Second, however, most of the world is not chaotic for the most part. Even the Lorentz attractor has relatively friendly regions on it, the Earth’s orbit is almost cyclical, hurricanes don’t blow every day everywhere on the planet, and yesterday’s experience is often approximately equal to tomorrow’s predictions.

*★ If complex systems are unpredictable, how do we grasp uncertainty? *

Although you cannot know what will definitely happen in the future, you can know the ‘probability’ of various things happening in the future. Ensemble modeling largely solves the problem of where to go out of constant epochs and where to go out of chaotic epochs that we talked about earlier.

Recognizing the uncertainty of the future and being able to quantify that uncertainty for you is a conceptual upgrade.

When we talk about predicting the future, we have to have a sense of probability.

*★ How do you understand the use of scientific predictions in public policy? How do you make decisions? *

Because of structural uncertainty, scientists currently operate on complex predictions by running multiple models that give you a collection of predictions. By looking at how the outcomes in the set are distributed, we can guess - or “project” - what the probabilities of various scenarios are, and then make decisions from those probabilities. and then make decisions from those probabilities.

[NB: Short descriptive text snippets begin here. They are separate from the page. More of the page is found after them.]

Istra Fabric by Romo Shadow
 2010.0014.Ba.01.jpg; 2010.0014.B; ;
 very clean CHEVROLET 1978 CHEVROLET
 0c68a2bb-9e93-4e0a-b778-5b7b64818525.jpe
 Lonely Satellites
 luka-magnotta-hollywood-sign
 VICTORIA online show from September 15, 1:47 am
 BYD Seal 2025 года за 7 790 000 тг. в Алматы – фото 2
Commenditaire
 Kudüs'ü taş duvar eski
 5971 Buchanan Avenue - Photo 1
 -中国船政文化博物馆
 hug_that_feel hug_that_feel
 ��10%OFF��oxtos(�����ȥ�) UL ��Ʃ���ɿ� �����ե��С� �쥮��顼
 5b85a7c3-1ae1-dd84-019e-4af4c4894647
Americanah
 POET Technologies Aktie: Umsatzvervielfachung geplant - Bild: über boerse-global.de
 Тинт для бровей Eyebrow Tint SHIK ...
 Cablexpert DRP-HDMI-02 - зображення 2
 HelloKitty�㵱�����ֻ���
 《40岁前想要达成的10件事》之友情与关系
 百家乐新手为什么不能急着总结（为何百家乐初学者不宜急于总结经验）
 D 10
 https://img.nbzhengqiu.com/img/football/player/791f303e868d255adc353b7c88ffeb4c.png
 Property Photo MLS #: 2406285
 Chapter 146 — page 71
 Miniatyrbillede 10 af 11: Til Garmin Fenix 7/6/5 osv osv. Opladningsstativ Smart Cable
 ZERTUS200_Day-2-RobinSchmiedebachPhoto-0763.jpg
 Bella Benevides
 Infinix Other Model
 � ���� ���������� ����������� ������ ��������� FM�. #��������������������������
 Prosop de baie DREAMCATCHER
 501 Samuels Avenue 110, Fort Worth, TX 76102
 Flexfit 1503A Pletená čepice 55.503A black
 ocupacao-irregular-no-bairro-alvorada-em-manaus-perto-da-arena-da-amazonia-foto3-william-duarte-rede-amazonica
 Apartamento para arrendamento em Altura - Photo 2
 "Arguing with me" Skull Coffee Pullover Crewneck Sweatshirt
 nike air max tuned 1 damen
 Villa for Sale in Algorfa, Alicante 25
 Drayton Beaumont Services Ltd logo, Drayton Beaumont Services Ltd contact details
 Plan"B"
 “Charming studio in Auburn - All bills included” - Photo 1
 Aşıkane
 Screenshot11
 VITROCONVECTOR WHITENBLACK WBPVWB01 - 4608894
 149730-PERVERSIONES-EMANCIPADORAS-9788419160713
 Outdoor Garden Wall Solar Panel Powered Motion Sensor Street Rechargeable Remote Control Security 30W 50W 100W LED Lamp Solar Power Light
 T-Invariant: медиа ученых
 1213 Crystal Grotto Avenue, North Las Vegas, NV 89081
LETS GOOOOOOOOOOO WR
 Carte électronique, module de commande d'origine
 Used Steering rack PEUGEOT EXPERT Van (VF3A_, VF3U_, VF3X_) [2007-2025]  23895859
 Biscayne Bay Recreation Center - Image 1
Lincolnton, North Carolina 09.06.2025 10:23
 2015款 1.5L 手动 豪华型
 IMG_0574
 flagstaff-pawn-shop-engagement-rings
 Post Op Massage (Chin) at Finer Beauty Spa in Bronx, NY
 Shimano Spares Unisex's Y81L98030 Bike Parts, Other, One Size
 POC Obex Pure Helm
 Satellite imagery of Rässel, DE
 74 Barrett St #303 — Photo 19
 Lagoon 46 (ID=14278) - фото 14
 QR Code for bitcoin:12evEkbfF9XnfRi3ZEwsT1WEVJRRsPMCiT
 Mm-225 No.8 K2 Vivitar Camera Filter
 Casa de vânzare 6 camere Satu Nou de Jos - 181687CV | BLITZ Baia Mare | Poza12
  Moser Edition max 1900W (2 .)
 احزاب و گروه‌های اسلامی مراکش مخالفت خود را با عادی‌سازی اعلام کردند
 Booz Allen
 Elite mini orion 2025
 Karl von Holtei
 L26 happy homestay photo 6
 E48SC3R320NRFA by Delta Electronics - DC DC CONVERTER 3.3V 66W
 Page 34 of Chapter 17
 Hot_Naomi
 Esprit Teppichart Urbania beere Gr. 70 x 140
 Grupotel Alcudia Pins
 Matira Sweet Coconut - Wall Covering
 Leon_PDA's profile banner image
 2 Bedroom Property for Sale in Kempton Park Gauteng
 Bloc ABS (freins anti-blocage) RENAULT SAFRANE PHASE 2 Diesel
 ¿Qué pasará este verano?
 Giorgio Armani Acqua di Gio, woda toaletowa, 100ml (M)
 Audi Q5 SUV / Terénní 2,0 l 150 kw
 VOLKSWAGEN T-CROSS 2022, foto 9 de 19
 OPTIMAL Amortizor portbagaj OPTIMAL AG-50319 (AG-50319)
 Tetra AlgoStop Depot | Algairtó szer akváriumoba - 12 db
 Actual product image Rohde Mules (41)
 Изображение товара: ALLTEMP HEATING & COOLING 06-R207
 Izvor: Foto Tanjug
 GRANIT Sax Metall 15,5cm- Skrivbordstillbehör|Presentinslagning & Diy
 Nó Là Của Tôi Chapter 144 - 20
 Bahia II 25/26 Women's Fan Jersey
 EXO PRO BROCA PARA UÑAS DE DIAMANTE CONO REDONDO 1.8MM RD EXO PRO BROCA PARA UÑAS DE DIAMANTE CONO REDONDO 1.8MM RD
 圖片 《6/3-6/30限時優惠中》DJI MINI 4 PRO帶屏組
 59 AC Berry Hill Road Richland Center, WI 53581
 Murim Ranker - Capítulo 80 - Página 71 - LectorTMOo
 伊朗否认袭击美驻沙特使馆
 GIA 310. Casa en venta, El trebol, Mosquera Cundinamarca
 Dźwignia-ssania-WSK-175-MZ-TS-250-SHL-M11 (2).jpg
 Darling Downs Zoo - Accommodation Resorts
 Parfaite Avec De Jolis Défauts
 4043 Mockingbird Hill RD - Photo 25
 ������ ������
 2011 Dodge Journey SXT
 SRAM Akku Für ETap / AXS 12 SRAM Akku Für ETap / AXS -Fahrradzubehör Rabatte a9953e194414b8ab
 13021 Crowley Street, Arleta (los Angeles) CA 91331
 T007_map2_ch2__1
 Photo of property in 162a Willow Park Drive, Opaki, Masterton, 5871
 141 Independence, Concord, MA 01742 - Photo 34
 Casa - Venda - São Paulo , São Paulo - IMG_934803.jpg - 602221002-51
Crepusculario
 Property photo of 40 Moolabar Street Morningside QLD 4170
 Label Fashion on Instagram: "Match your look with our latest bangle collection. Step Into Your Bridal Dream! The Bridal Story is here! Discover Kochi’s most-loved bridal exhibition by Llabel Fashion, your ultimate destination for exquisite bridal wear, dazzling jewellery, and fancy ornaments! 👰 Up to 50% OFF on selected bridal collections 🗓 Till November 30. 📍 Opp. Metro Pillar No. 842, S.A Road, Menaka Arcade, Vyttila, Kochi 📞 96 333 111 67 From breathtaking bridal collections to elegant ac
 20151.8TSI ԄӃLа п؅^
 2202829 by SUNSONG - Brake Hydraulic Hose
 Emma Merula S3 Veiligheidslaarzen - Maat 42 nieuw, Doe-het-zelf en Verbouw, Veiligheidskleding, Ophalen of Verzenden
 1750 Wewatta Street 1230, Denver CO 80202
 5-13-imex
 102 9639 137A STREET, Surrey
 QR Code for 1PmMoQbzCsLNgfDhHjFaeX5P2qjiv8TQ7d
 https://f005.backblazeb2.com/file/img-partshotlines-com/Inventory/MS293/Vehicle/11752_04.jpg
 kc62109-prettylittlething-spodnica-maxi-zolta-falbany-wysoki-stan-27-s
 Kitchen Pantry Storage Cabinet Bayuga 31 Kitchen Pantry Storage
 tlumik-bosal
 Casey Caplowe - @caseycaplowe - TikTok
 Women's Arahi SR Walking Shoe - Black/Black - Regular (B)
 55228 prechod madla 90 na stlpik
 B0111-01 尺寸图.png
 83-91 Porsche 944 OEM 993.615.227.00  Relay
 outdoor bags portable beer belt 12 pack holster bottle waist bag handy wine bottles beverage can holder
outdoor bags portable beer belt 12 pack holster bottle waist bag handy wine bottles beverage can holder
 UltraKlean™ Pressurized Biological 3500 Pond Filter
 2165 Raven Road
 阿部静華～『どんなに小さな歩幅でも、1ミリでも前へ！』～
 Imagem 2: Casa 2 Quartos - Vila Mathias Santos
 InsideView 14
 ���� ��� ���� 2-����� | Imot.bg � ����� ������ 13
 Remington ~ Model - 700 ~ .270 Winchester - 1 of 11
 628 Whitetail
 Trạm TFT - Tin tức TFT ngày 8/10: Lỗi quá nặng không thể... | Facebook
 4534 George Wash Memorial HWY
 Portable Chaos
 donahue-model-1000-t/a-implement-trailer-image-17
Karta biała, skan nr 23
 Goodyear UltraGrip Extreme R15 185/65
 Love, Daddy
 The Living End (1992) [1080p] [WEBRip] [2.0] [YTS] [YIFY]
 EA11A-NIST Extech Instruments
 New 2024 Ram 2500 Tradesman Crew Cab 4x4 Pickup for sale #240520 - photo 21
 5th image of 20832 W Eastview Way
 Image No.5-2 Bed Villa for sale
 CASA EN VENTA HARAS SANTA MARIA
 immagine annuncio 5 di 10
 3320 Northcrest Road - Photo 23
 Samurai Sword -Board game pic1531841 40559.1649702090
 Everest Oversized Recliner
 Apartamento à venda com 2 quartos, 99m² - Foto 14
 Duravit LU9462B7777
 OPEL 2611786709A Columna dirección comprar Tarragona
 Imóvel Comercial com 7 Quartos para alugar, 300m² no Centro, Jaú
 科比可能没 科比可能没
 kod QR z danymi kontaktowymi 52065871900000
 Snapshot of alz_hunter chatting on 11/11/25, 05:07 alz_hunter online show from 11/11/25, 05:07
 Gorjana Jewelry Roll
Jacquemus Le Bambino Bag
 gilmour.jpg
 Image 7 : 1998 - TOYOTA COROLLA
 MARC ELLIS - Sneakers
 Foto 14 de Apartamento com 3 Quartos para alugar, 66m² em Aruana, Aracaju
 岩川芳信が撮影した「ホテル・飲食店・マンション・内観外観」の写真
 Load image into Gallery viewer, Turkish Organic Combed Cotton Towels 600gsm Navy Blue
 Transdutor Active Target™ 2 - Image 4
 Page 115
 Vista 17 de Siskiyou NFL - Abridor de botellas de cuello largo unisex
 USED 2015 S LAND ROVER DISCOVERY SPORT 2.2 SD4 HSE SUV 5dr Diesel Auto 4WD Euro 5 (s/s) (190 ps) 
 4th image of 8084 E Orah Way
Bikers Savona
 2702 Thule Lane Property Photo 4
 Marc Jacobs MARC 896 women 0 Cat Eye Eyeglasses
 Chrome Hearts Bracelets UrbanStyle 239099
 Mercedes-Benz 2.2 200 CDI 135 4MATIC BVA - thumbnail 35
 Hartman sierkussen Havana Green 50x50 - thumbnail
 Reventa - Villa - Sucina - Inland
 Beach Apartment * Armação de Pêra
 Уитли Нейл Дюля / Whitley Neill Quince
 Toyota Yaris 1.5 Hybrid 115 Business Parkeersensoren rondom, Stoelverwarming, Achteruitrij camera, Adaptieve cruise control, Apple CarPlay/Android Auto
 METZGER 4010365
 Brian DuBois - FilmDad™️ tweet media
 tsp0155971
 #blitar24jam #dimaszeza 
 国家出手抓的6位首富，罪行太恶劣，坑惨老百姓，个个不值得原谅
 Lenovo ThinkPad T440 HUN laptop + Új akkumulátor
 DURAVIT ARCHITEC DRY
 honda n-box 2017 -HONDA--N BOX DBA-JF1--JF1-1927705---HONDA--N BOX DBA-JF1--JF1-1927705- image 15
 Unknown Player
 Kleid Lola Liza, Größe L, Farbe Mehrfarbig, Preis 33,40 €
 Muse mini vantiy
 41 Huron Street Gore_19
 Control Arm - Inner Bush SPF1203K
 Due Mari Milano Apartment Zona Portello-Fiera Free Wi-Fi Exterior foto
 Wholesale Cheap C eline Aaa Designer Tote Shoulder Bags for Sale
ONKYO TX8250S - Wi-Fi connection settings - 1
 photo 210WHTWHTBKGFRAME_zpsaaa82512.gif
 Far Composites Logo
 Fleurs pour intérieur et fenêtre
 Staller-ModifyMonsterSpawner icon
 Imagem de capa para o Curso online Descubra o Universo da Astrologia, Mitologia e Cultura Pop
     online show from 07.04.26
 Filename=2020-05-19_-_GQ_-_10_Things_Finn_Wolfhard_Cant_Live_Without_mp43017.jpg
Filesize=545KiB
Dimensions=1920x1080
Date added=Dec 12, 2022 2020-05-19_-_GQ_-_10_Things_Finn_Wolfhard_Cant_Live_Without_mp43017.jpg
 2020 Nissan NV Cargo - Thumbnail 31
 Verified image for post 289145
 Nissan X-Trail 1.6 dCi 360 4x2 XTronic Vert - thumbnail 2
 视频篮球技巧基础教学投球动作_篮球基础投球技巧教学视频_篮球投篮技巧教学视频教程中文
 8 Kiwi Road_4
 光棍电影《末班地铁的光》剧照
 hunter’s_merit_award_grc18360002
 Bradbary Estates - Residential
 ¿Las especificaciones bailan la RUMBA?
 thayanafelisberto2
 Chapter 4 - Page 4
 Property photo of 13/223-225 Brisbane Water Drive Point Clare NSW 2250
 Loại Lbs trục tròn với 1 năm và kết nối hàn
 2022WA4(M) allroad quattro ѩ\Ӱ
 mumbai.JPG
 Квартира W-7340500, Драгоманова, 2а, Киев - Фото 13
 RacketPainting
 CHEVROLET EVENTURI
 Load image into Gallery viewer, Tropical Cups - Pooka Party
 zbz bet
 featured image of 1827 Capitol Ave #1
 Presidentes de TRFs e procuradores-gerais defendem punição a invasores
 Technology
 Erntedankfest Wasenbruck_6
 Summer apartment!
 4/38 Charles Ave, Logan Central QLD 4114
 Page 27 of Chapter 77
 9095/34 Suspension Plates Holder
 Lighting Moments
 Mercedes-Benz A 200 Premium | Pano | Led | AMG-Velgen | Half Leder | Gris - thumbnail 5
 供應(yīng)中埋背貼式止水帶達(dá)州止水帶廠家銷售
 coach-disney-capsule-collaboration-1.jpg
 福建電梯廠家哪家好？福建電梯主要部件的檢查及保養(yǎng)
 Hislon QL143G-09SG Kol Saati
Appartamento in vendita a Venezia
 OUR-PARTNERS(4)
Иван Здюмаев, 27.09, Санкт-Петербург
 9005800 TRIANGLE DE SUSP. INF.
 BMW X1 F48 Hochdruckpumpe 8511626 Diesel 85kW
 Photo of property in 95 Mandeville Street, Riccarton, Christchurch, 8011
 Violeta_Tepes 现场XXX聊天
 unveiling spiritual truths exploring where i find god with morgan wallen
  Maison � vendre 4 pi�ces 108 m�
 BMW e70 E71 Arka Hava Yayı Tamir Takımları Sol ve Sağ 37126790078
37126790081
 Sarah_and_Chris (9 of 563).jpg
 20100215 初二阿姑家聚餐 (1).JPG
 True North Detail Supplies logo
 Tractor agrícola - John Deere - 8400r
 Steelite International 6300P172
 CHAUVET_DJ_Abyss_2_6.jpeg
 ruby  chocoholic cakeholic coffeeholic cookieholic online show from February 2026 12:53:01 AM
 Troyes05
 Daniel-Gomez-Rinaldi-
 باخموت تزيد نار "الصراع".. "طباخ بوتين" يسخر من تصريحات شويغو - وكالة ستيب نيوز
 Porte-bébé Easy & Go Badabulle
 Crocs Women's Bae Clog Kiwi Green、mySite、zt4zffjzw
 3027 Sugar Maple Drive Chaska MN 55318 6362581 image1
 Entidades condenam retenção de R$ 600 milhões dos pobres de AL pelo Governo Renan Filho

We can’t accurately predict the future, we can only know the probability of various scenarios, then we can only make decisions based on probability.

*★ According to the prediction, under what circumstances should preventive action be taken? *

“Action should be taken to prepare for a disaster when c < pL.” pL, which is the loss multiplied by the probability of the loss occurring, is the ‘expected loss’ that this disaster will bring you - that is, on average, you will suffer that much loss. As long as the expected loss is greater than the cost of preventive action, prevention is worthwhile. If the expected loss is less than the cost of prevention, then you are completely resigned to the fact that it is not worth preventing. How to explain quantum mechanics. He came up with an idea called the Invariant set postulate.

*★ How do you think about artificially added randomness in predictions? *

Artificially added randomness is noise. Previously, we added noise to weather models to make predictions, and it saves a lot of arithmetic power, finds a variety of possible outcomes quickly, and can predict the probability of, say, a hurricane. Noise that can be used as a substitute for sophisticated computation.

The human brain is a machine that will compute with noise.

The brain is, by nature, a chaotic epochal thing. It is the noise that allows our brains to outperform algorithms.

It’s your leaps of thought, your wandering and slipping, your daydreaming, your vague inability to remember what you’ve just seen, and the fact that you have the sparse audacity to accept ideas that aren’t strictly true, that makes you a human being and not a machine.